Record extracts START

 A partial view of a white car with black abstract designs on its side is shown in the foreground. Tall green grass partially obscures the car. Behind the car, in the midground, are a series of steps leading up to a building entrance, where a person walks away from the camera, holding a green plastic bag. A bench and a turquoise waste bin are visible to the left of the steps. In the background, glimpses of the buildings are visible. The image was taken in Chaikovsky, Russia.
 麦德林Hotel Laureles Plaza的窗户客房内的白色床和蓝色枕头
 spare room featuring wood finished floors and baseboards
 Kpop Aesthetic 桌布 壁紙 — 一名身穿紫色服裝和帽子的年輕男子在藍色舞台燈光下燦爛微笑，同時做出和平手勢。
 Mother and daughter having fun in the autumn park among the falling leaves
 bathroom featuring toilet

Record extracts END
Record extracts START

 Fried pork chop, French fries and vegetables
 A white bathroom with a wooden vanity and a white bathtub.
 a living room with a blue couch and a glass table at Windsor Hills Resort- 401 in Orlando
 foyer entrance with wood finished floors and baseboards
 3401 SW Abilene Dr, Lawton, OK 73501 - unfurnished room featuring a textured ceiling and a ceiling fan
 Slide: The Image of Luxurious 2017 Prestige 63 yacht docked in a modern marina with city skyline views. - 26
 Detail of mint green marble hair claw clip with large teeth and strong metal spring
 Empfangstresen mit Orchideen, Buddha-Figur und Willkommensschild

Record extracts END

-- Prompt --
Which lines of the records above contain the word "featuring"? Copy each of them.

-- Solution for this exercise --
 spare room featuring wood finished floors and baseboards
 bathroom featuring toilet
 3401 SW Abilene Dr, Lawton, OK 73501 - unfurnished room featuring a textured ceiling and a ceiling fan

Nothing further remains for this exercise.